Prove Q[sqrt 2, sqrt 3] is a field.

Homework Equations

Q[sqrt 2, sqrt 3]= {r + s\sqrt{2} + t\sqrt{3} + u\sqrt{6}| r,s,t,u\in Q}

The Attempt at a Solution

I know I have to show each element has an inverse, but I don't know how on these elements.

 

[cmbeelby]

To find the inverse of something in Q[\sqrt{2}, \sqrt{3}] it might be helpfull to first notice the inverse of something in Q[\sqrt{2}].

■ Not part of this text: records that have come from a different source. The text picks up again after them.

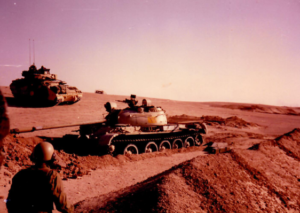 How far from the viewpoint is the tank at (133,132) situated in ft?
34.7

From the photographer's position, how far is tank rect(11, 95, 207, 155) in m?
10.6

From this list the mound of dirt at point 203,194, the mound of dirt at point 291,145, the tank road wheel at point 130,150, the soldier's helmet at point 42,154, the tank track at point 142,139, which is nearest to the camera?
the soldier's helmet at point 42,154

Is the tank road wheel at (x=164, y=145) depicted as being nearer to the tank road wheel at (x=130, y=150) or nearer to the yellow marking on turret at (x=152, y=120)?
the yellow marking on turret at (x=152, y=120)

(a + b\sqrt{2})^-1 = (a - b\sqrt{2})/(a^2 - 2*b^2)

In general (a + b*sqrt n)^-1 = (a - b*sqrt n)/(a^2 - n*b^2)

Next notice that an element of Q[\sqrt{2},\sqrt{3}] is also of the form a + b\sqrt{3} where a and b are elements of Q[\sqrt{2}] (i.e. they are each a + b*\sqrt{2}) so an element of Q[\sqrt{2}, \sqrt{3}] is like ((a + b\sqrt{2}) + (c + d\sqrt{2})\sqrt{3}) = a + b\sqrt{2} + c\sqrt{3} + d\sqrt{6}.

So the inverse of such an element is still (a - b\sqrt{3})/(a^2 - 3*b^2) where the a and b in this case are elements of Q[\sqrt{2}] (and so of the form a + b\sqrt{2}).